Planning committees of UCLA identity-based graduations have continued their programs. However, students have expressed fears over their ceremonies being threatened by the Trump administration’s threats against universities that have DEI programs.
“Their fight for their existence and the validation of their existence in the eyes of the university is through our joy and through our celebration,” said Alyssa Cosico, a fourth-year cognitive science student.
For over 50 years, the Latinx Celebration has also historically been called the “Latinx Graduation,” said Alexis Ayala, a fourth-year education and social transformation and labor studies student and the tri-chair of the Latinx celebration at UCLA. But student organizers were told to rename it to the “Latinx Celebration” this spring quarter, they added.
The Latinx Celebration, which is held in Spanish to provide access to non-English speaking students and guests, will see a record-breaking 800 students in attendance, Ayala said.
Student-run admit weekends were also instructed by UCLA’s Diversity Admit Weekend Program to remove exclusive words from their titles – such as removing “admit” from “Latinx Admit Weekend” – and organization names.
[Related: UCLA admitted students’ weekend programs instructed to remove exclusive wording]
Ayala said they are uncertain whether these identity-based graduation ceremonies will be canceled this year.
“I do think there is this idea that it could happen to UCLA as well,” they said. “Anything can happen at the last minute, to be honest, but I’m hopeful.”
The Latinx Celebration student organizers are also concerned about the potential of United States Immigration and Customs Enforcement activity on campus, Ayala added.
ICE has terminated international students’ legal status from U.S. colleges and universities, including legal permanent residents and student visa holders. Over 1,200 international students in the U.S. had their legal status temporarily revoked and then reinstated in April, according to the Associated Press.
[Related: Undocumented students share fears of deportation under second Trump administration]
“It’s a concern we’ve had from students with everything happening, from ICE raids, from what is happening with law enforcement, with what happened a year ago and what continues to happen at a university level from protests,” Ayala said.
Members of Samahang Pilipino host their graduation ceremony at Royce Hall every year, Sambilay said. However, recent funding changes from the Undergraduate Students Association Council threatened the tradition and its June 15 ceremony, she said, adding that she believes the lack of funding is an insult to the organization.
“This funding app that we applied for only gave us $600 in allocation, and the P-grad ceremony itself costs about $22,000,” Sambilay said. “The $600 allocation that the BOD funding gave us barely covers 3% of the total projected expenses that we would need.”

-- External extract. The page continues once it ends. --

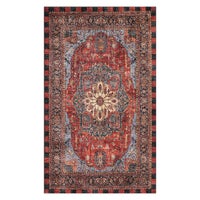 Heriz Checked Red 2'x 3' Washable Rug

Sambilay said the organization eventually secured adequate funding to host the graduation ceremony.
In a written statement, a UCLA spokesperson said they will continue to support all student celebrations. Although the university is navigating budgetary restrictions, student organizations are still able to find funding sources to support their year-end events, they added in the statement.
“As UCLA hosts one official Commencement and Schools and Departments hold degree-conferring graduations, all other events are considered celebrations of student success and are open to all students,” the spokesperson said.
Despite this success, Sambilay also said she is preparing for a potential decrease in funding for identity-based organizations given the national attacks on DEI, adding that she wants to continue shining light on this issue through USAC public comments, for example.
“As the years go by, we just think that it’s going to get worse,” she said. “Funding is only going to get smaller and smaller, and obviously the prices will rise higher and higher.”
Cosico, a Samahang Pilipino Cultural Night board member, said identity-based graduations allow students to celebrate the community that raised and cared for them throughout their time in college.
“For a lot of us, we could be really new, either first generation or 1.5 generation, where our parents experienced school in the Philippines but don’t know how the U.S. education system works,” she said. “Filipino graduation allows us to celebrate our experiences in a way that we know best.”
Despite challenges, Ayala said they have found it rewarding to collaborate with the planning committee members to represent students from Latin America at the graduation ceremony.
“I’m hopeful,” Ayala said. “I’m staying hopeful just because it’s one of the last things that a lot of our seniors are looking forward to.”